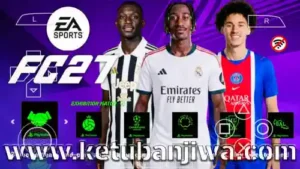 download ea sports fc 27 psp iso ppsspp v1.1 android offline + ps5 camera ketuban jiwa
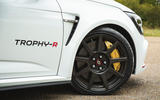 Renault Megane RS Trophy-R 2019 road test review - alloy wheels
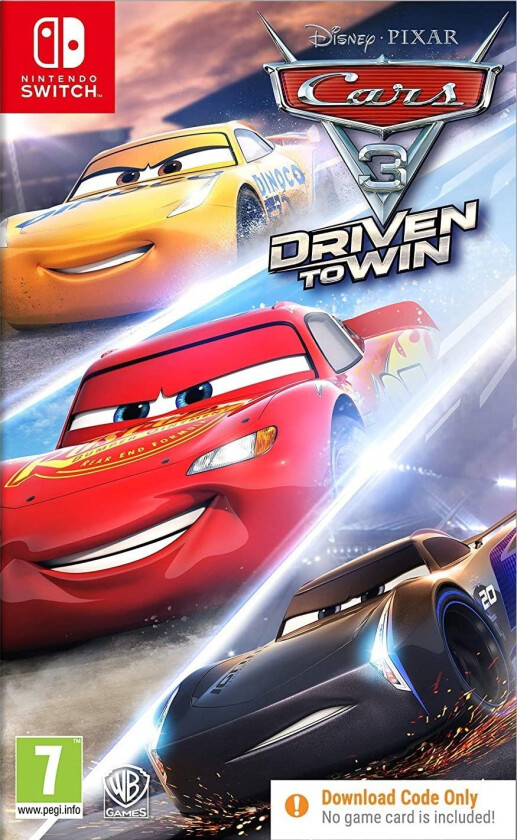Cars 3: Driven to Win (Code In Box)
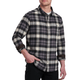 KÜHL Law Flannel Long Sleeve Shirt - Men's - Black Sand.jpg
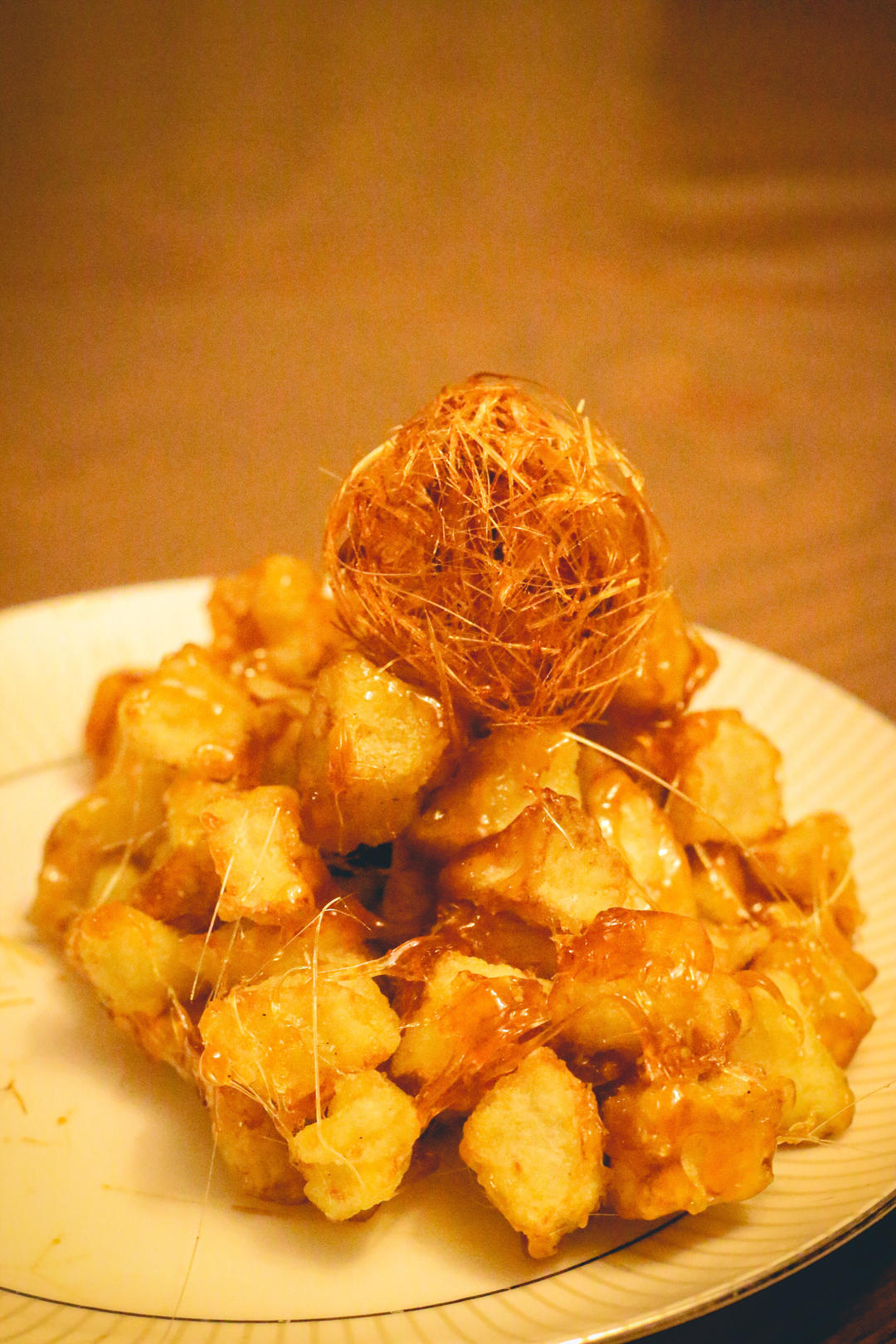 拔丝地瓜  Toffee Sweet Potato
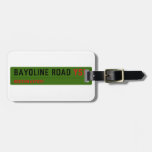 Bayoline road  Luggage Tags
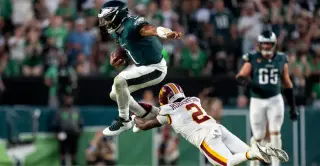 Commanders Cornerback Amik Robertson Guarantees Win Over Struggling Eagles
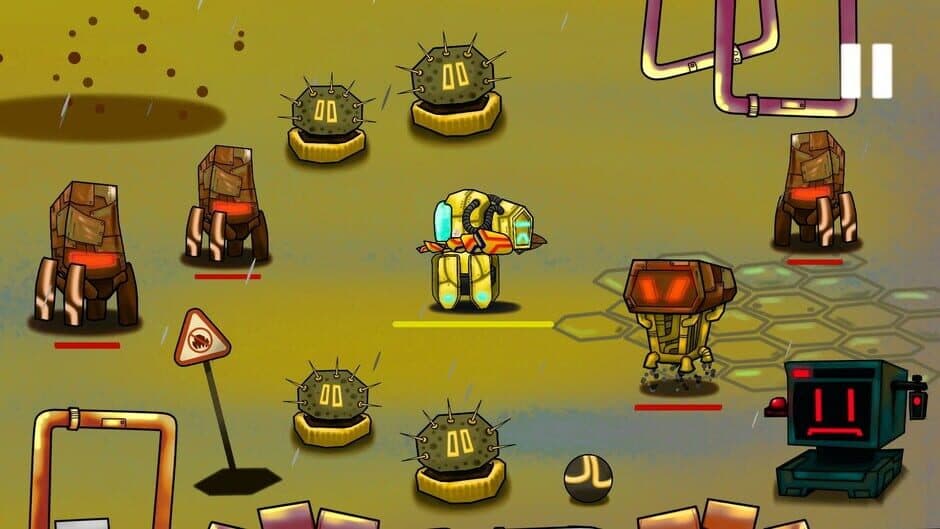 Скриншот 3 из Quadbots: The Rise of Chrono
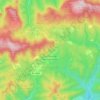 Sant Jaume de Frontanyà topographic map, elevation, terrain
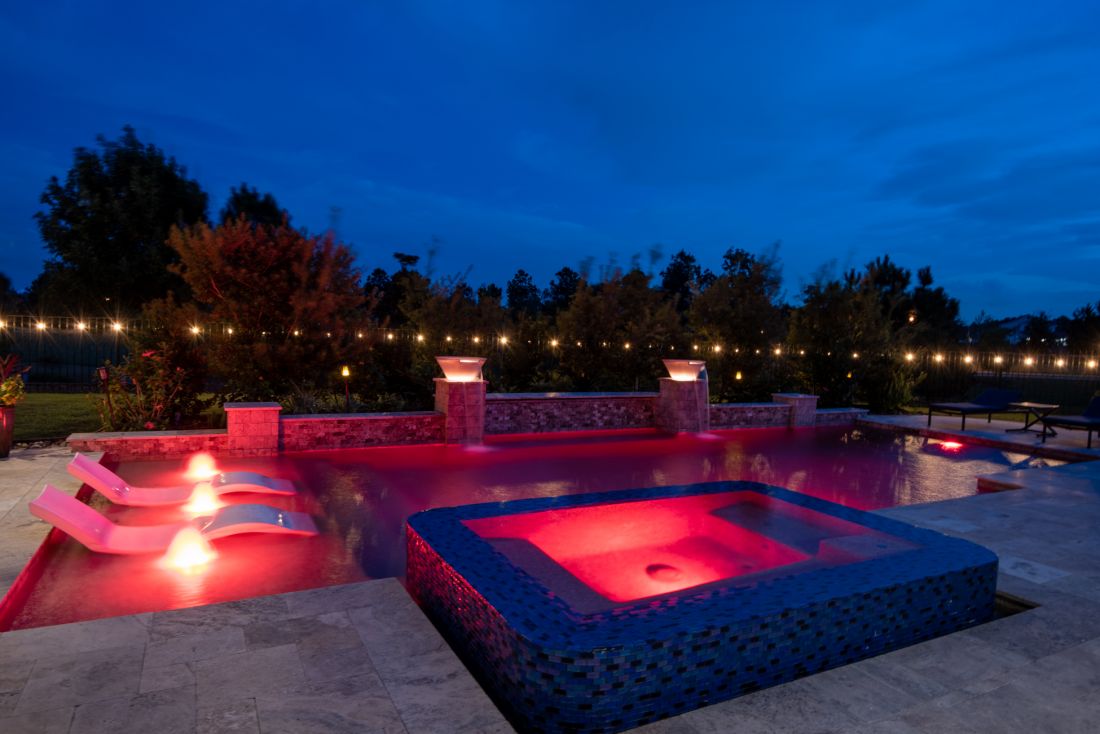 Allen Pool #019 by The Pool Man Inc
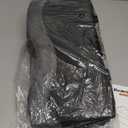 Portable Small Dog Seat for Car, Luxury Center Console Dog Car Seat Booster with Safety Tethers, Anti-Collapse Pet Travel Carseat for SUV, Truck (Black/Grey) (Black/Dark Gery)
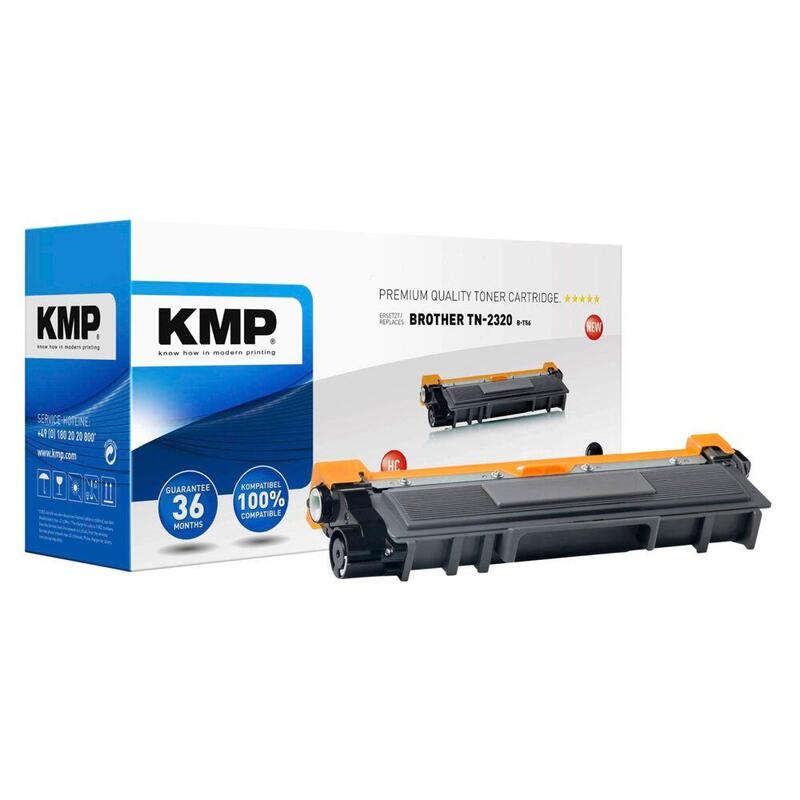 Kmp Toner Compatible Para Brother Tn-2320 Negro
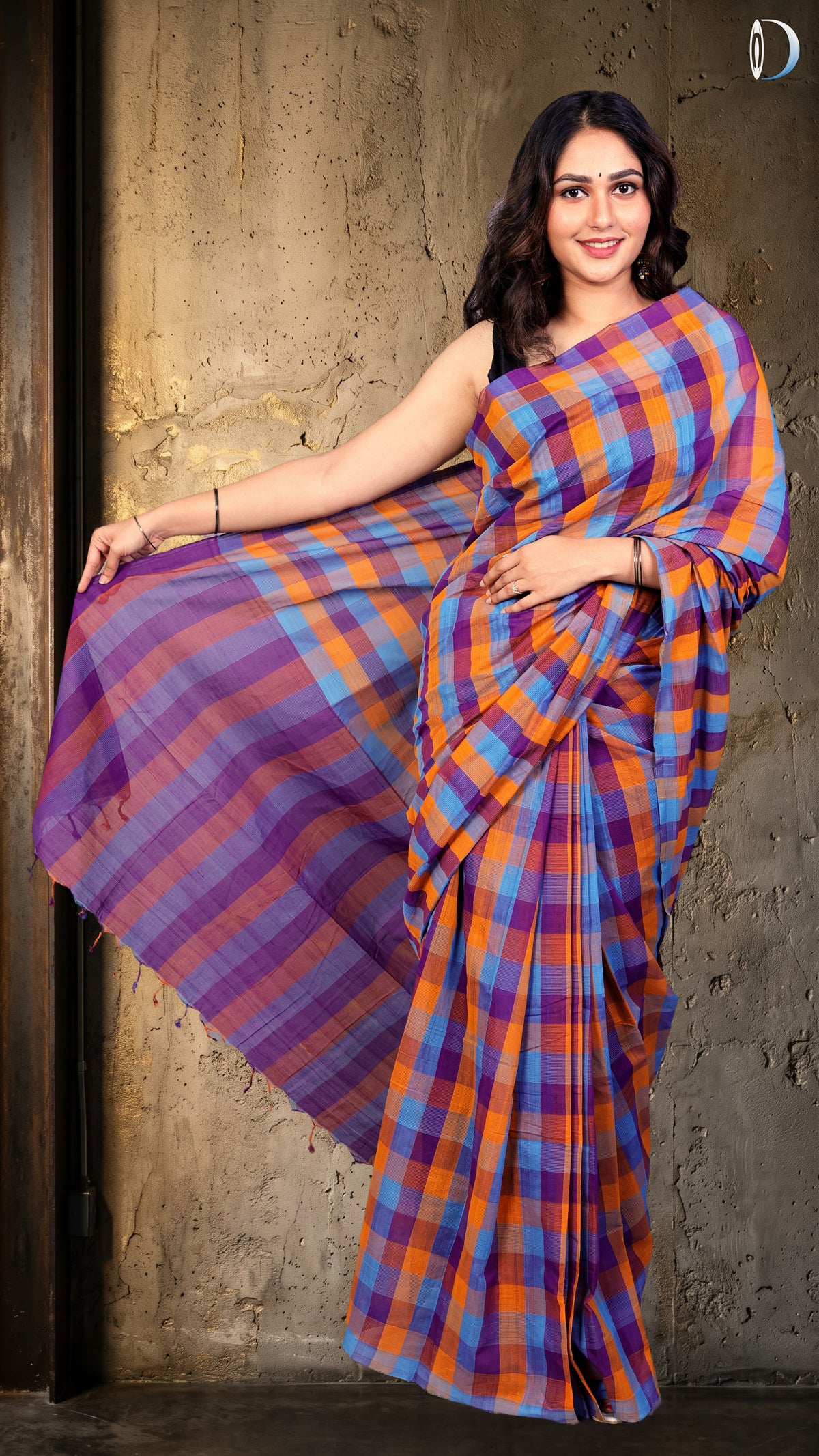 Isha Designs handloom saree lookbook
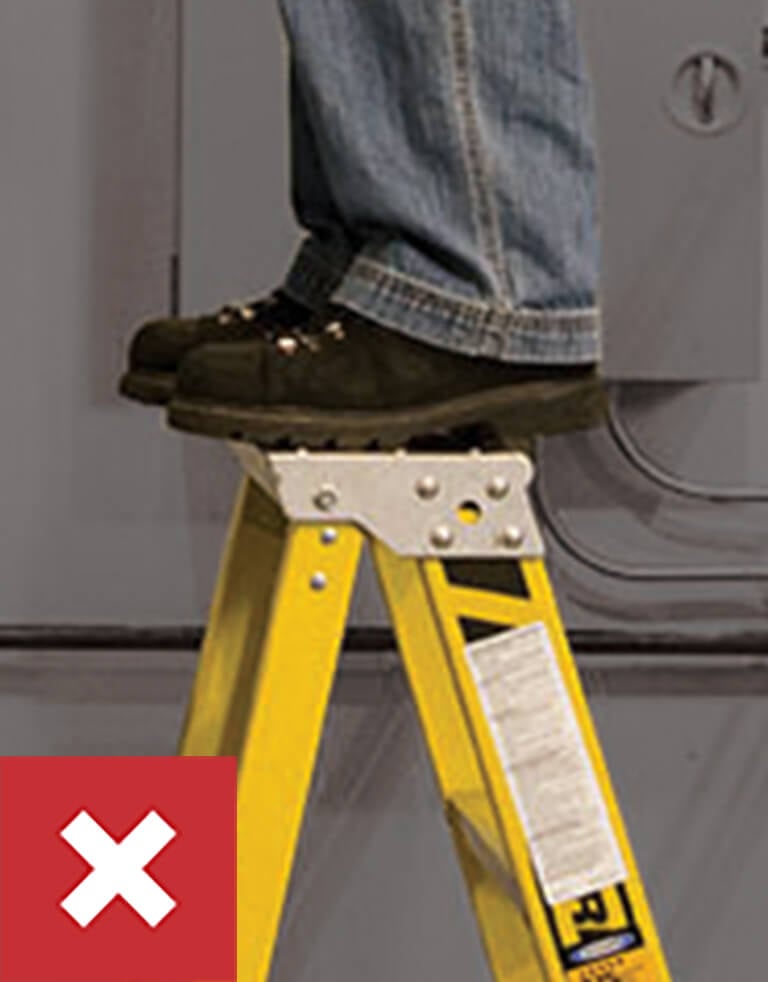 How To Properly Use A Safety Ladder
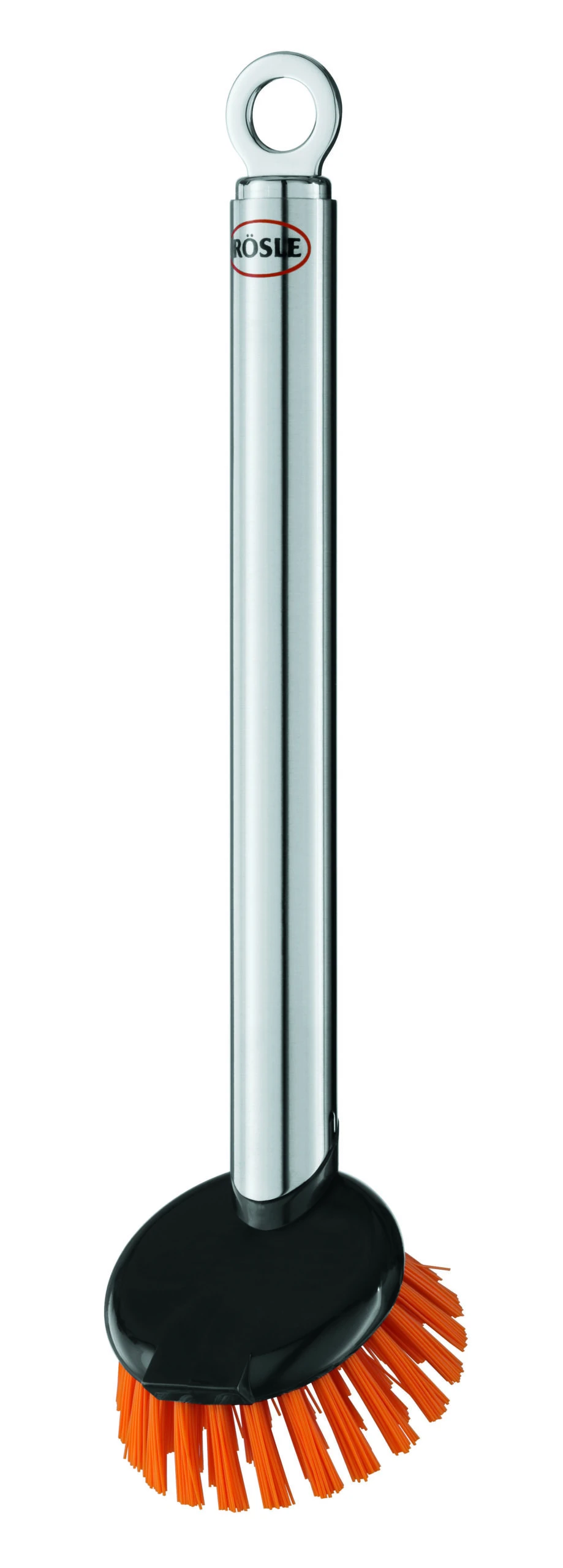 Rosle Afwasborstel Round - RVS / Kunststof - 24 Cm 2 Rosle Afwasborstel Round - RVS / Kunststof - 24 Cm - Afbeelding 2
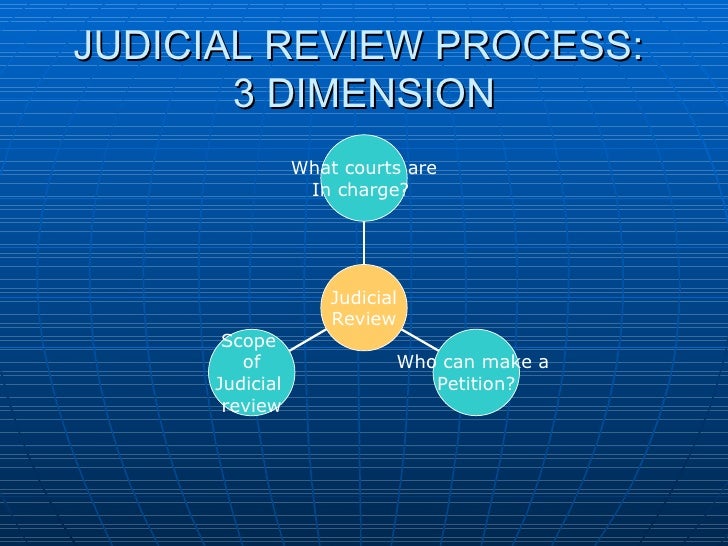 The judiciary branch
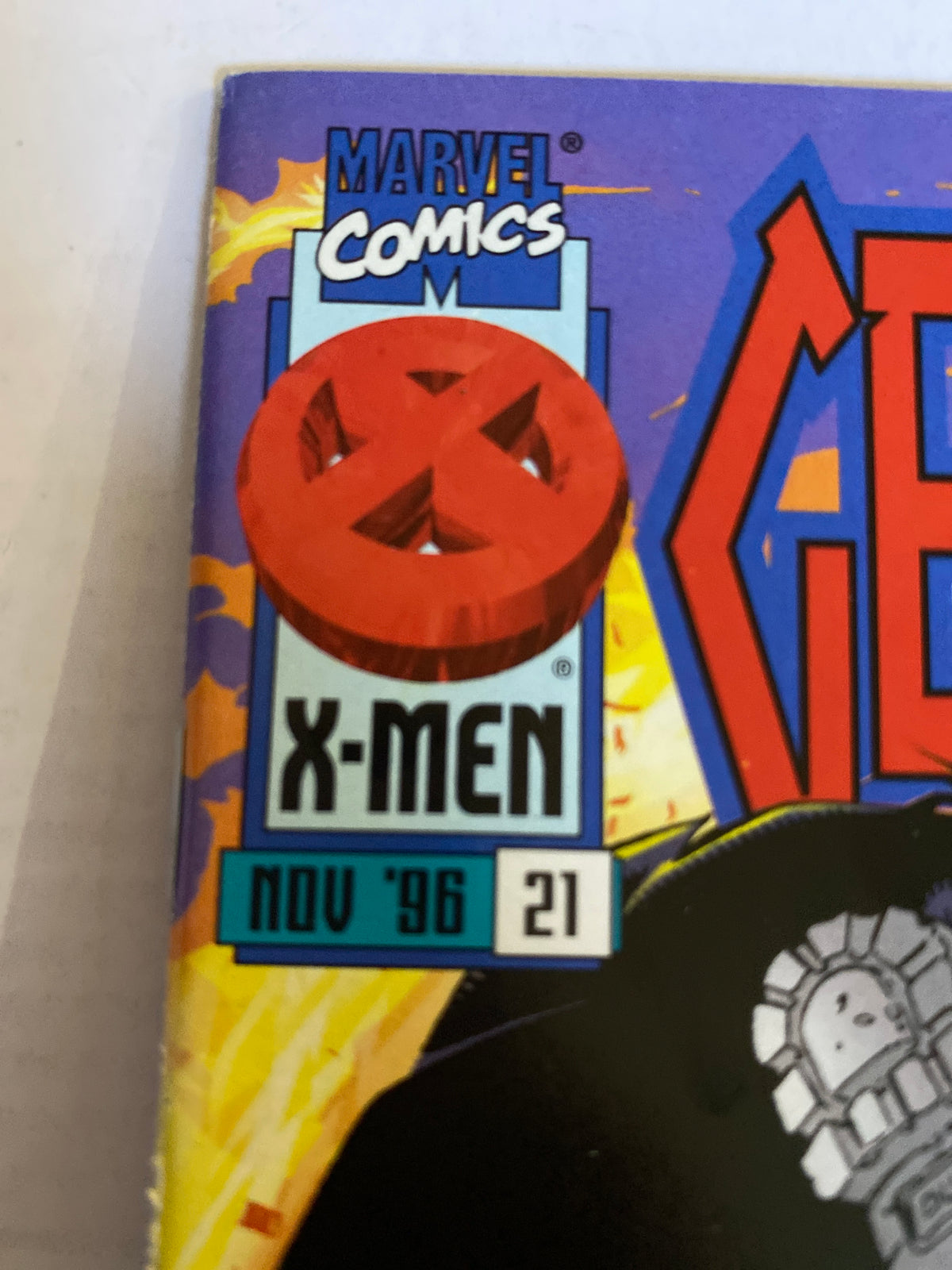 Generation X Comic – Marvel X-Men, November 1996 | Vintage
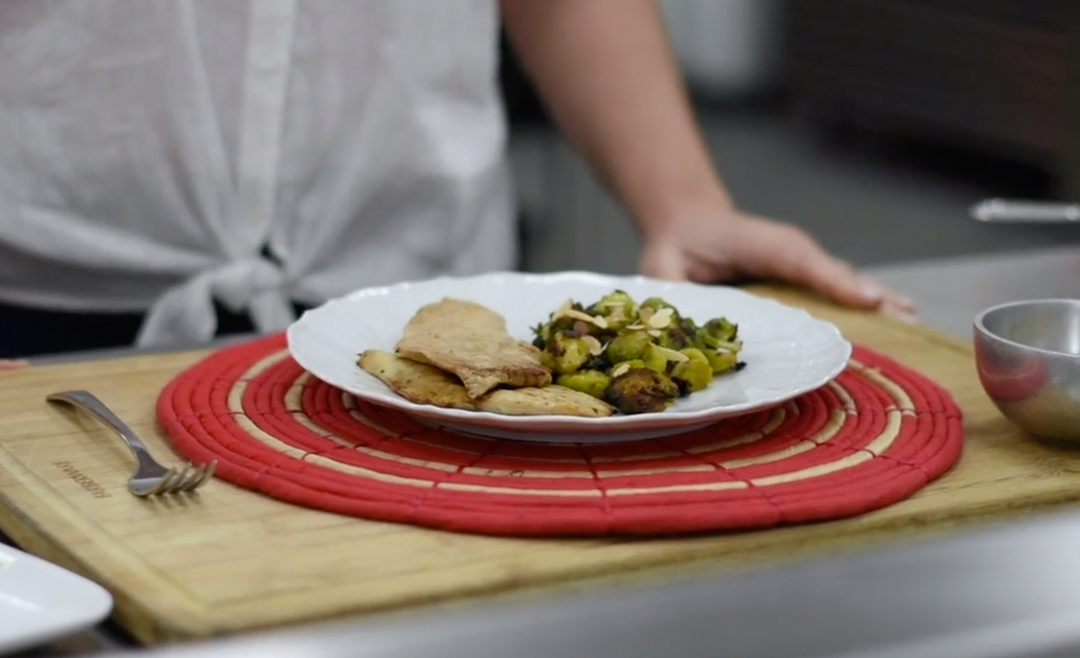 Receta: Coles de bruselas sencillas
———
● Directions for this task:
The records above are to be restated word for word, excluding all pictures.

● Task result:
 download ea sports fc 27 psp iso ppsspp v1.1 android offline + ps5 camera ketuban jiwa
 Renault Megane RS Trophy-R 2019 road test review - alloy wheels
Cars 3: Driven to Win (Code In Box)
 KÜHL Law Flannel Long Sleeve Shirt - Men's - Black Sand.jpg
 拔丝地瓜  Toffee Sweet Potato
 Bayoline road  Luggage Tags
 Commanders Cornerback Amik Robertson Guarantees Win Over Struggling Eagles
 Скриншот 3 из Quadbots: The Rise of Chrono
 Sant Jaume de Frontanyà topographic map, elevation, terrain
 Allen Pool #019 by The Pool Man Inc
 Portable Small Dog Seat for Car, Luxury Center Console Dog Car Seat Booster with Safety Tethers, Anti-Collapse Pet Travel Carseat for SUV, Truck (Black/Grey) (Black/Dark Gery)
 Kmp Toner Compatible Para Brother Tn-2320 Negro
 Isha Designs handloom saree lookbook
 How To Properly Use A Safety Ladder
 Rosle Afwasborstel Round - RVS / Kunststof - 24 Cm 2 Rosle Afwasborstel Round - RVS / Kunststof - 24 Cm - Afbeelding 2
 The judiciary branch
 Generation X Comic – Marvel X-Men, November 1996 | Vintage
 Receta: Coles de bruselas sencillas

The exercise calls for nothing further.